HULL SHAPE: There are many different hull shapes, lets separate them into two categories: the racer type and the cruising or offshore type.

RACER HULL SHAPE: The racer’s hull is usually round with a deep fin keel and spade rudder. The advantage here is that there is less wetted surface so the boat will sail quicker than other shapes and designs. With a fin keel and spade rudder, a grounding or collision with something in the water will be abrupt and could cause severe damage. When a deep fin keel boat does go hard aground, it is more difficult to kedge off because the anchors are set lower than the deck level of the boat, thus pulling the stem downward aft, digging the back of the keel deeper into the bottom. The deep, nearly vertical keel and spade rudder will catch fishing nets and may be damaged by even a small log. If damage were to occur at sea, it would be nearly impossible to make repairs until a proper boat yard was reached, where the vessel could be taken out of the water.
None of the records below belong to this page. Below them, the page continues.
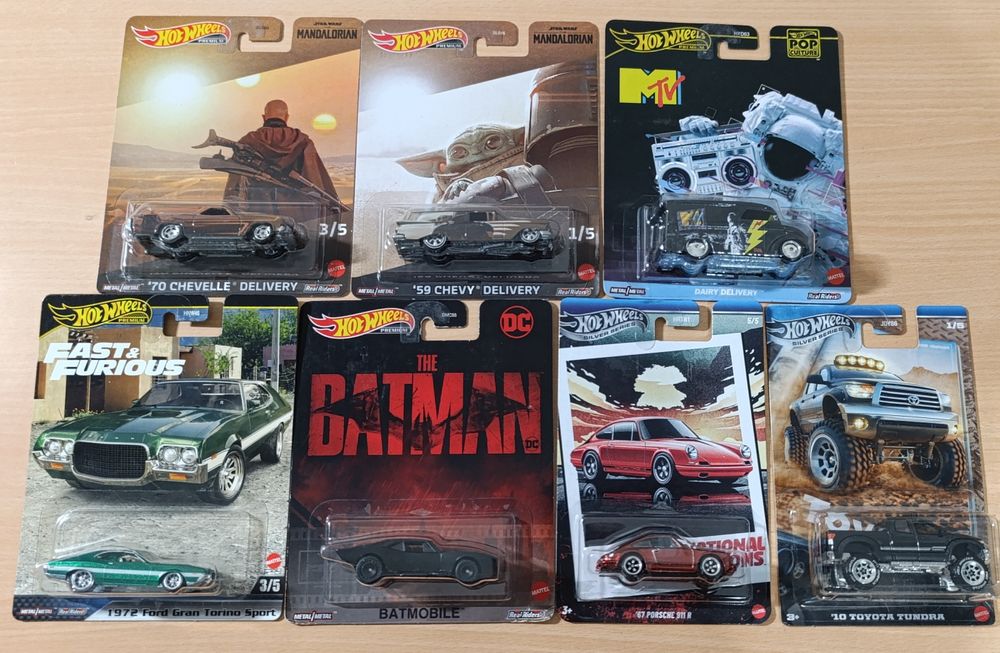 Hot Wheels Premium, Toyota, Porsche, BMW
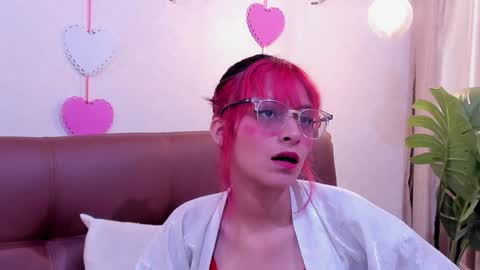 Snapshot of redmeloddy chatting on 02.08.25 Meloddy online show from 02.08.25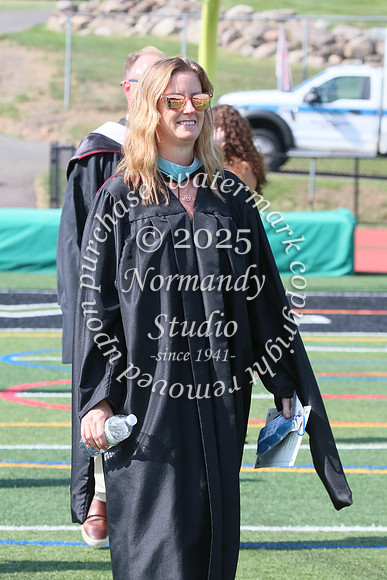 RAM_candids-walking_02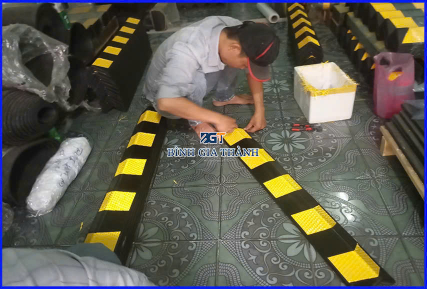 THANH ỐP CỘT 1M BẰNG CAO SU GIẢM CHẤN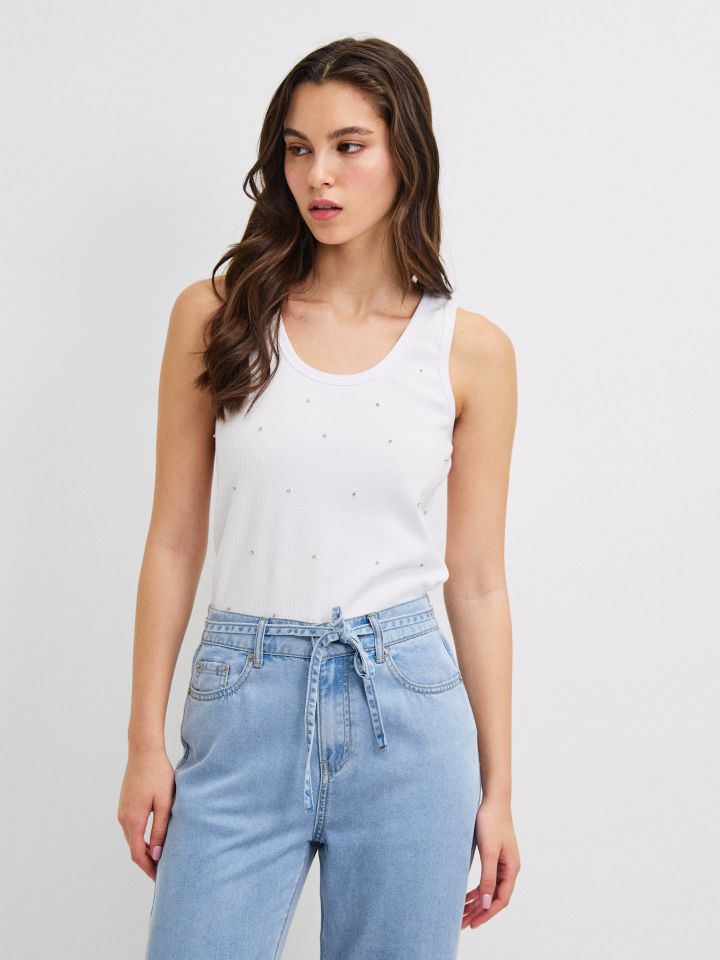 גופיה דמוי יהלומים בצבע לבן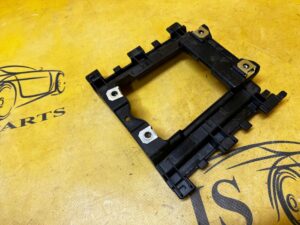 UCHWYT MOCOWANIE RAMKA TUNELU ŚRODKOWEGO PORSCHE MACAN 95B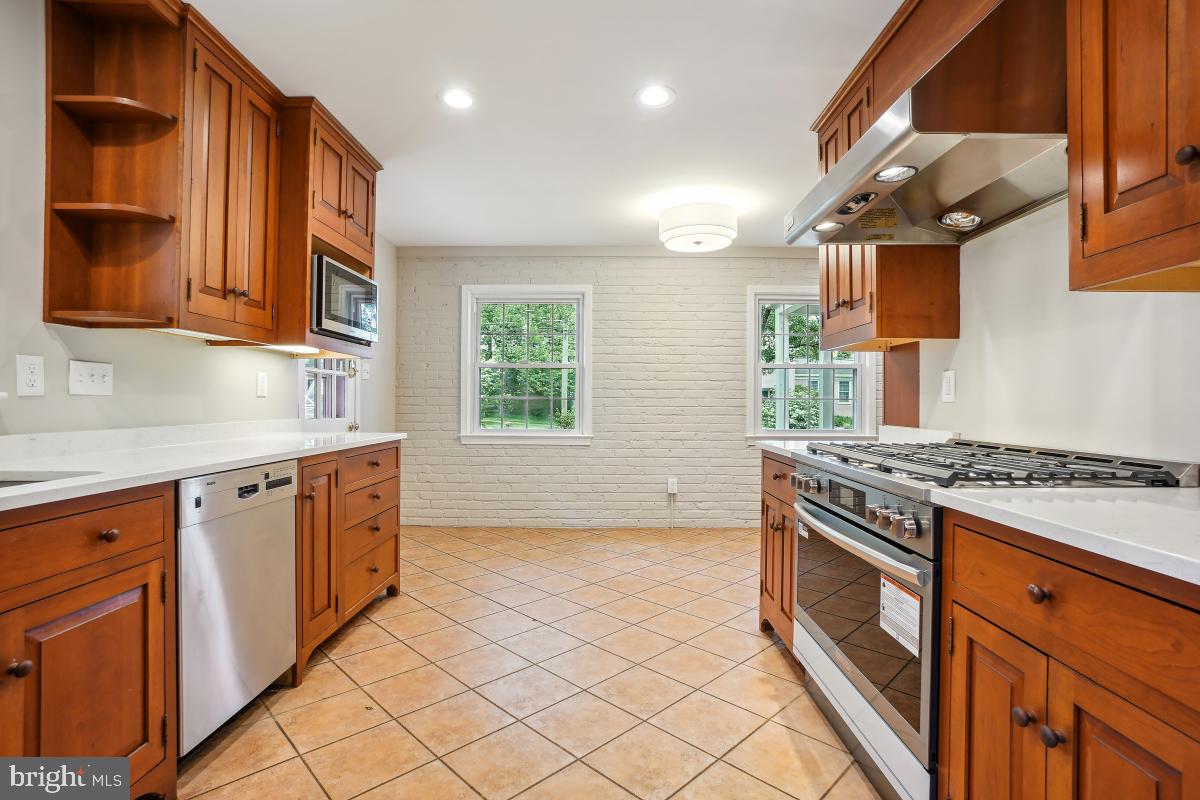 POTOMAC WOODS - Residential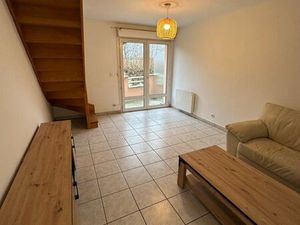Duplex avec balcon Gare RER C à 2 min à pieds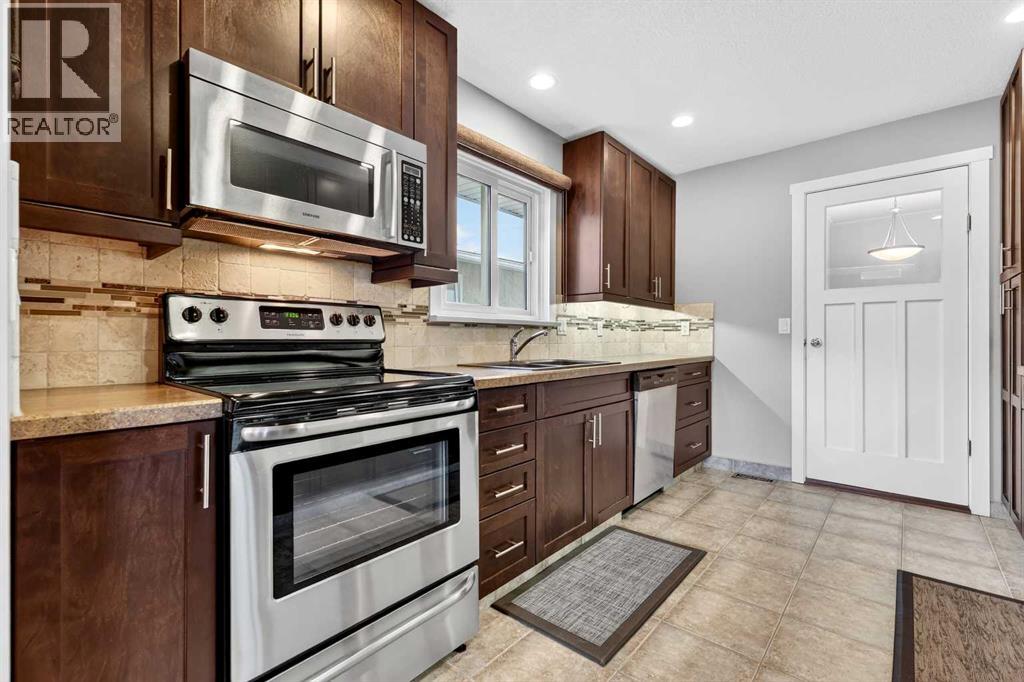 8715 36 Avenue Nw, Calgary, Alberta  T3B 1W2 - Photo 17 - A2301311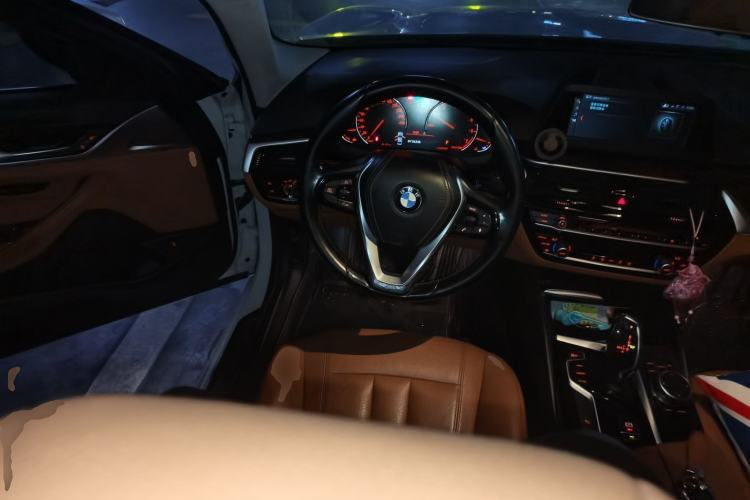 Used BMW 5 Series 2018 528Li Launch Special Edition Steering Wheel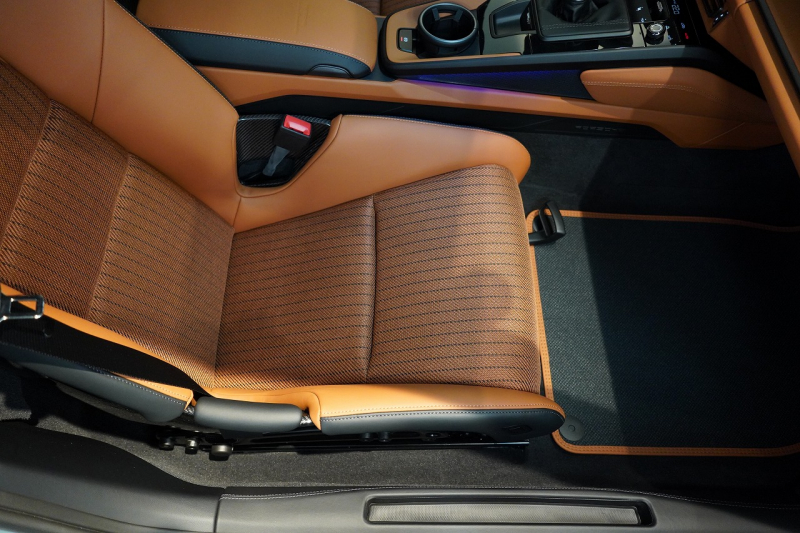 ポルシェ 911(Type992) S/T 左H 世界限定1963台 OP540万 60Years911ヘリテージデザインPKG Fリフト クロノPKG OPカラーショアブル―メタリック BOSE 中古車 中古車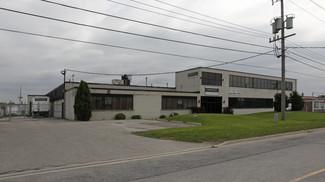 Plus de détails pour 26 Racine Rd, Toronto, ON - Industriel/Logistique à louer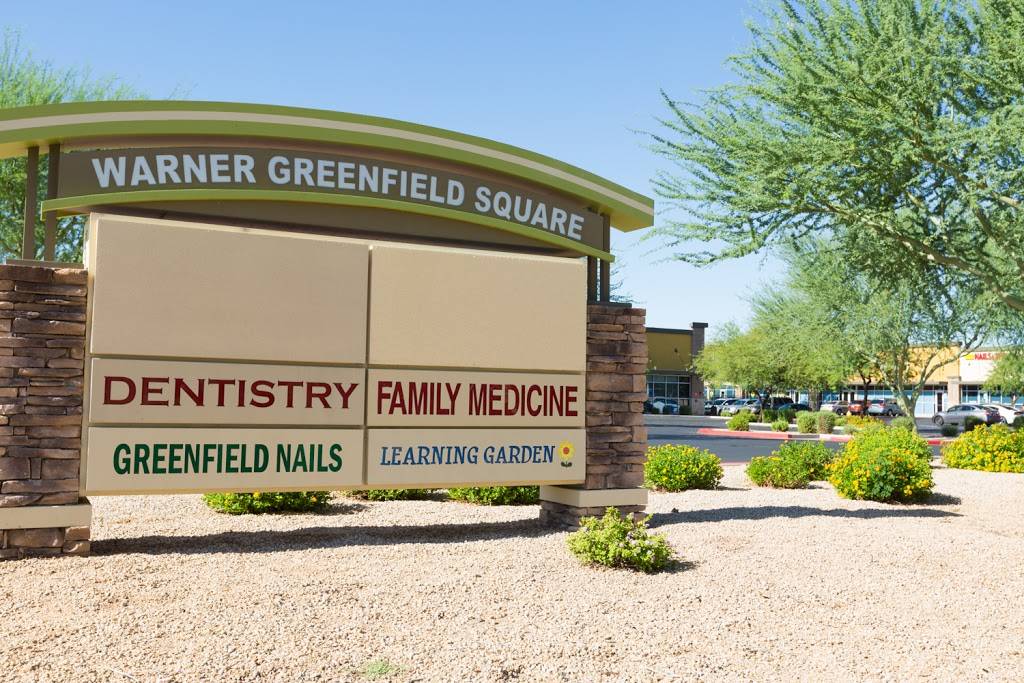 Greenfield Nails and Spa - Gilbert | 888 S Greenfield Rd #104, Gilbert, AZ 85296, USA | Phone: (480) 545-2711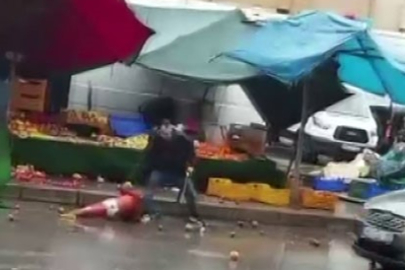 Sinir krizi geçiren manav ortalığı birbirine kattı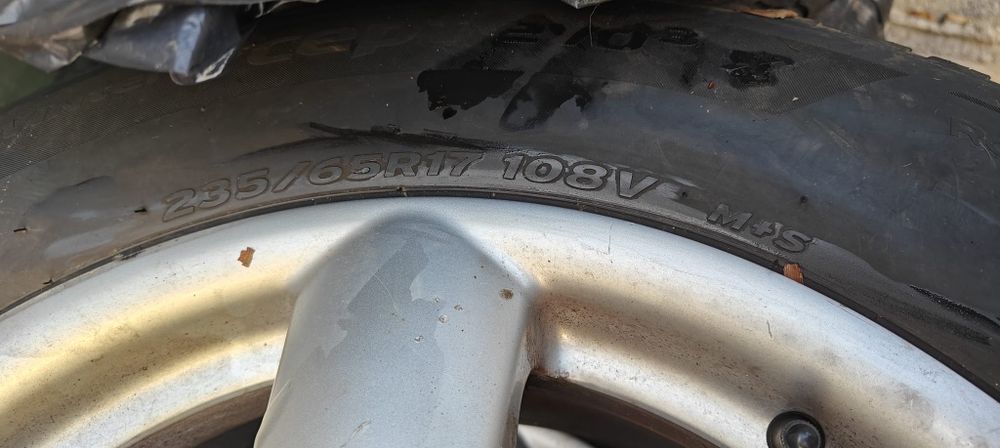 Roți iarnă complet VW Touareg 235/65/17 st. f. bună DOT 2422 Hankook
This hull shape is difficult to beach for bottom cleaning or repairs, and it is no simple matter to stand on the hard without ample support to keep it from falling. If the rudderpost is bent and the boat is out of the water a hole in the ground must be dug so the rudder can be removed from its housing.

An equally important concern is that the fin keel with spade rudder is quick at the helm, meaning it will turn quickly with the slightest movement of the helm. This is important for the racer but the offshore sailor wants a longer keel shape, so the boat will track and hold her course for long periods with little work at the helm.

Because the fin keel is deeper with less wetted surface fore and aft of the keel, it is difficult to impossible to “heave to” in storm conditions. The ability to “heave to” easily is an essential storm strategy for the offshore sailor.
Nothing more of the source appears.